12:03 If there are any of these lint tests you don’t like that you are sure that it’s doing what you want it to be doing, then you can just say ignore this test and it will be ignored. This is quite a blunt tool. I’ve just ignored this entire lint test called “readme”. For example, if I go in and I change… let’s do “files exist” here. So I’m going to delete the editor config file. nf-core lint. Then it should throw a failure because this is a required file and it’s not there. So it takes me here. Now I could do files_exist: false and that will disable the entire lint test. That’s fine. That makes everything work. But it’s a bit of a blunt tool because now it’s not checking for the presence of any files. So it’s allowing me to delete that one file, but it’s now not checking for the presence of any of these files, which is maybe overkill because it was just that one file I care about. Now, some of the lint tests then allow you to provide a bit more information.
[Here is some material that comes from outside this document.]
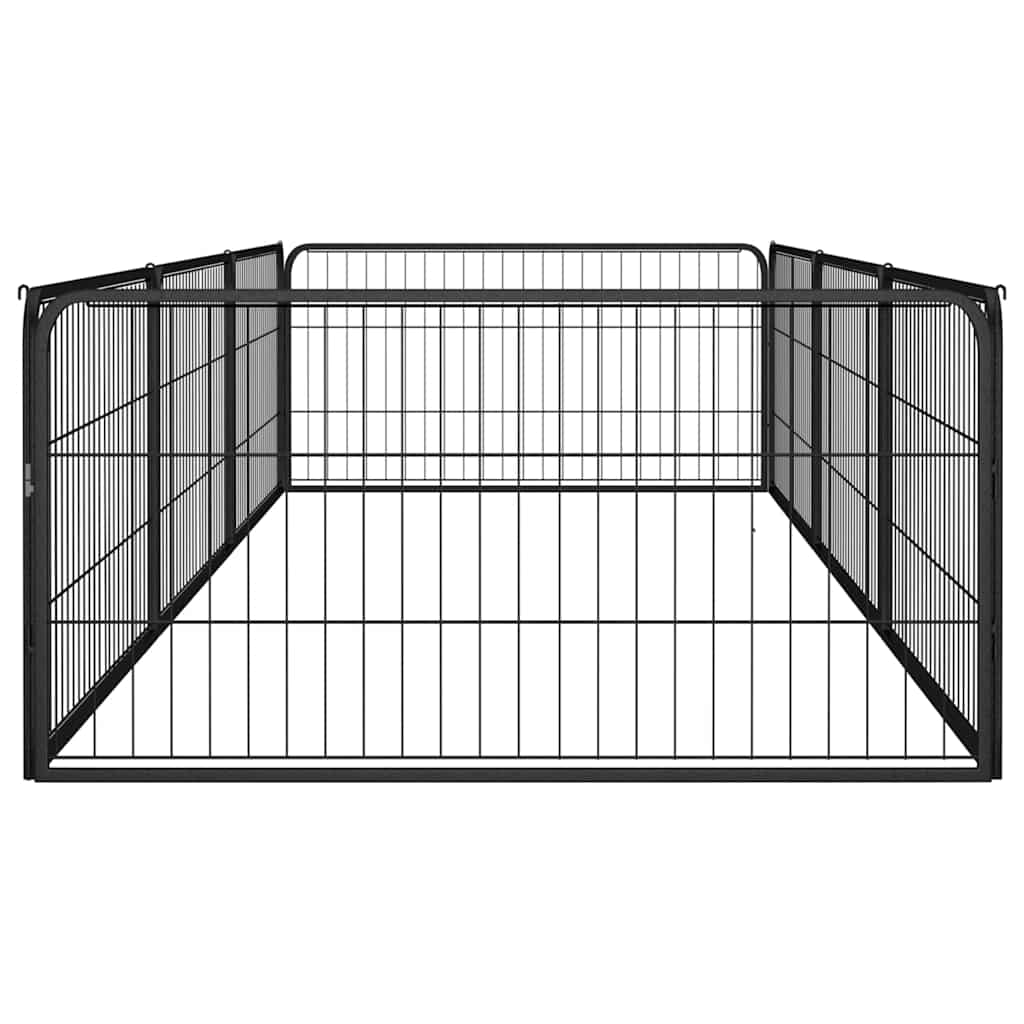 8-Panel Dog Playpen Black 100x50 cm Powder-coated Steel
In this case, what was the file I deleted? Editor config. Instead of just saying “false”, I can actually give the name of the file there. I think it has to be a list. Now, when I run this again, hopefully it should still pass. But now it ignores just that one specific file. So this isn’t possible for every single one nf-core lint tests, you have to check the documentation. But certainly “files_exist” and “files_unchanged”, which are probably two of the ones which come up the most frequently.

13:54 You can specify exactly which files you want to ignore and then you keep the value of the rest of the lint test there, which checks all the other stuff, which is generally a good thing. Right. 13.14, that’s my 15 minutes. It’s a very short and sharp bytesize talk this time. Very specific about this one thing. But hopefully that’s helpful. Hopefully this will be a useful resource for anyone coming back to this in the future, asking about how lint configs work. If you have any questions or feedback or suggestions, then please shout and I’ll do my best to answer any questions if there are any now. Fran back to you.

14:33 (host) Yeah. Hi. So everyone can unmute themselves if they want to and just ask the question right away. I don’t see anything coming up for now. I mean, you don’t have to ask now. Obviously, as usual, you can come to Slack, either ask your questions in #bytesize or in the #help. As usual, I would like to thank the Chan Zuckerberg Initiative for funding the talks, of course, Phil, for this very-short-notice talk today and the audience for listening.

15:12 Also, just say on Slack that there’s a Slack channel called Linting. I think it’s called Linting, which is the place to go for any specific questions about Linting when you’re generally confused. (host) Yeah, I should have known there’s always a Slack channel for everything. Thank you, Phil. Always.